- _About this exercise_
Using only the entries below, copy exactly the lines that begin at the one with "Weeklong Plus Size" and end at the one with "Image de Joy", both included. Drop the pictures.

- _Supplied data_
_ _ _ _

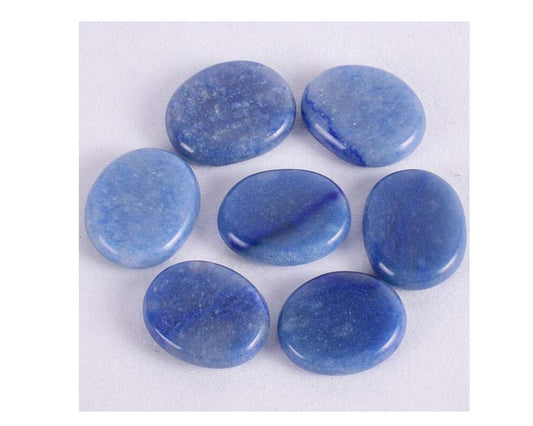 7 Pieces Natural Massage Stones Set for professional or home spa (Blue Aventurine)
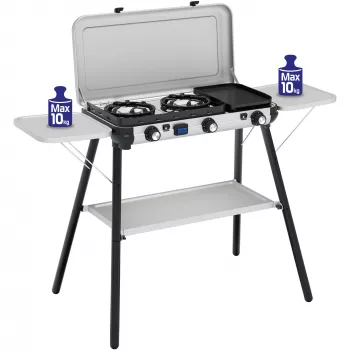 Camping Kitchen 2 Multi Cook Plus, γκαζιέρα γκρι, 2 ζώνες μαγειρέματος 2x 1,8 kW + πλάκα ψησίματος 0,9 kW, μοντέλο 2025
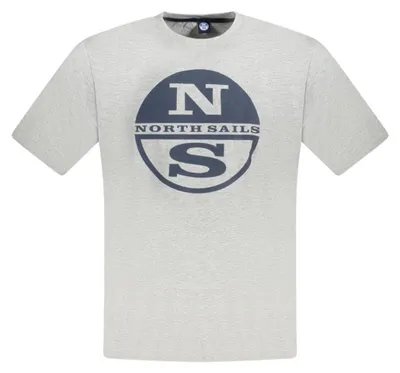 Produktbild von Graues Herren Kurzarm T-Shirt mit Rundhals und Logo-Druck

_ _ _ _

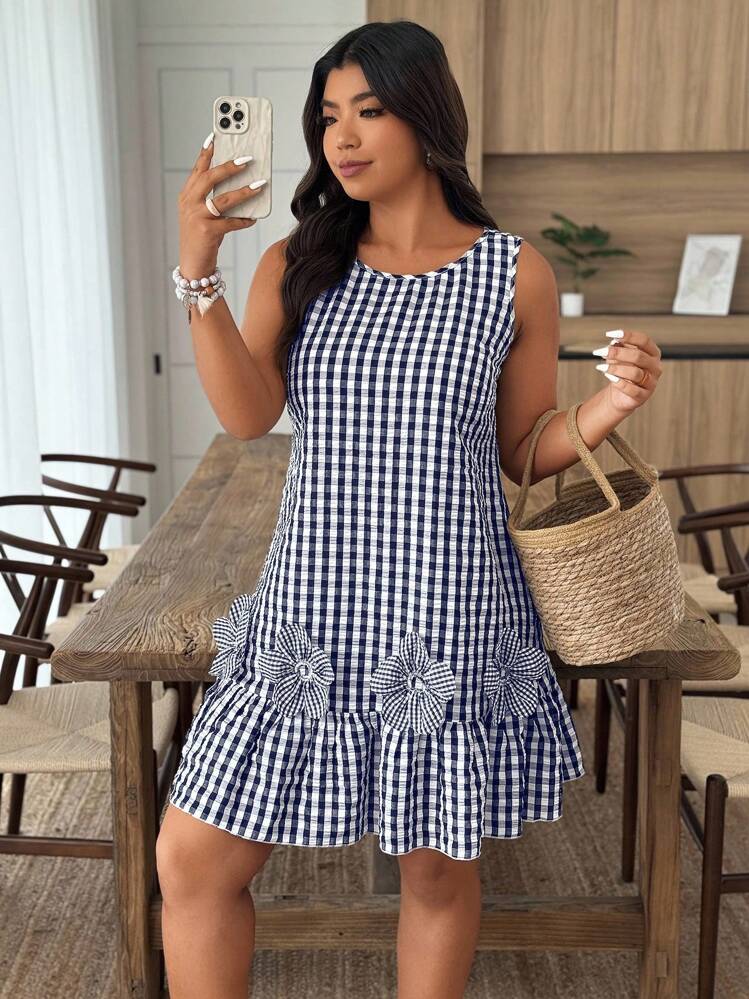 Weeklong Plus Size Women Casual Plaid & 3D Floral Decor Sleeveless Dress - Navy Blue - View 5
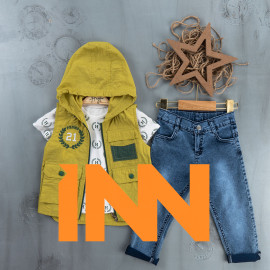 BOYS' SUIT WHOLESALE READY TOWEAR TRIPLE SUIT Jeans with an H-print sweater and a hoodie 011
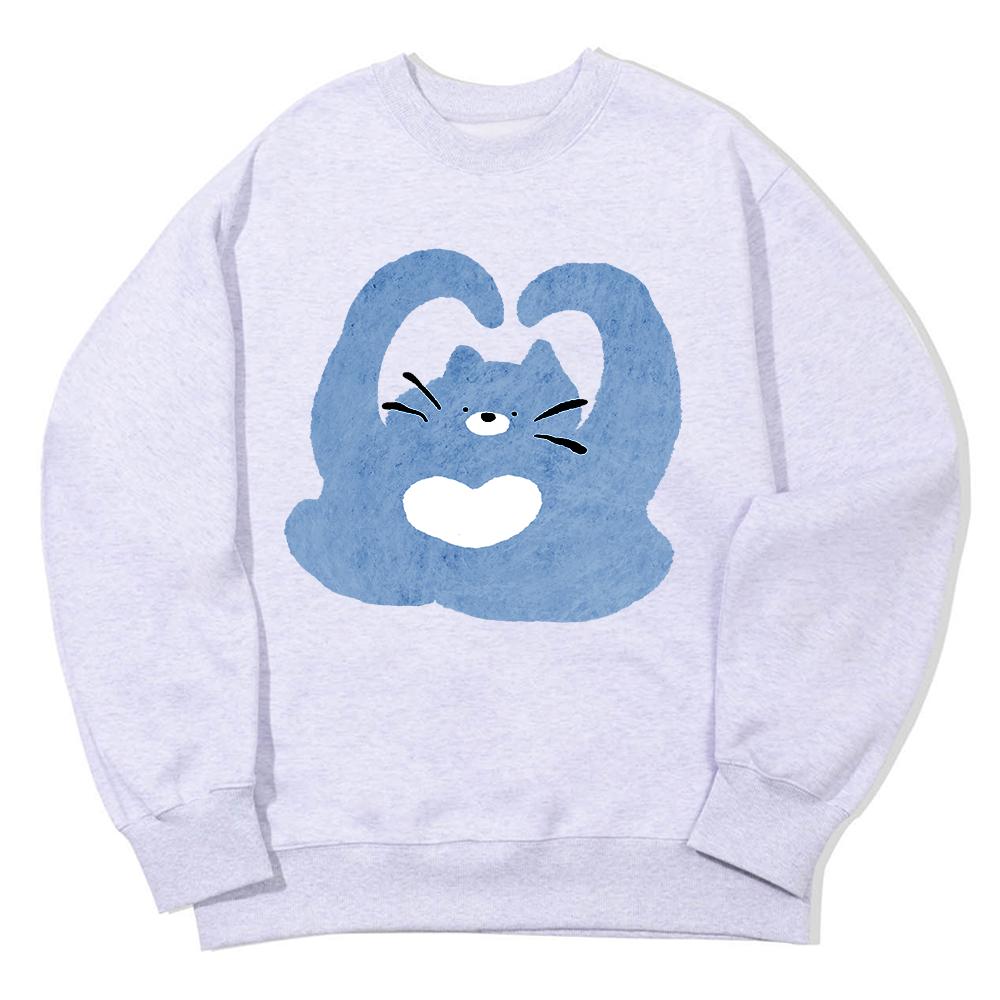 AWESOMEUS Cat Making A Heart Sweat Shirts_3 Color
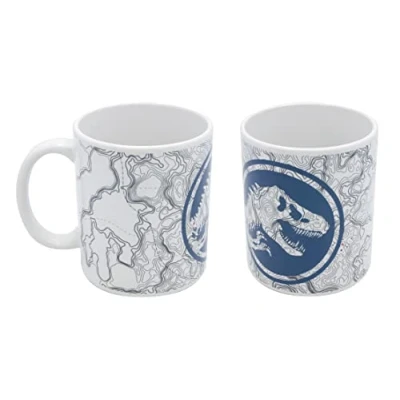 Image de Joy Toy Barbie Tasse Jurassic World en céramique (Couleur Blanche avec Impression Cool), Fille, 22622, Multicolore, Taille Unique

_ _ _ _

- _Output of the task_
 Weeklong Plus Size Women Casual Plaid & 3D Floral Decor Sleeveless Dress - Navy Blue - View 5
 BOYS' SUIT WHOLESALE READY TOWEAR TRIPLE SUIT Jeans with an H-print sweater and a hoodie 011
 AWESOMEUS Cat Making A Heart Sweat Shirts_3 Color
 Image de Joy Toy Barbie Tasse Jurassic World en céramique (Couleur Blanche avec Impression Cool), Fille, 22622, Multicolore, Taille Unique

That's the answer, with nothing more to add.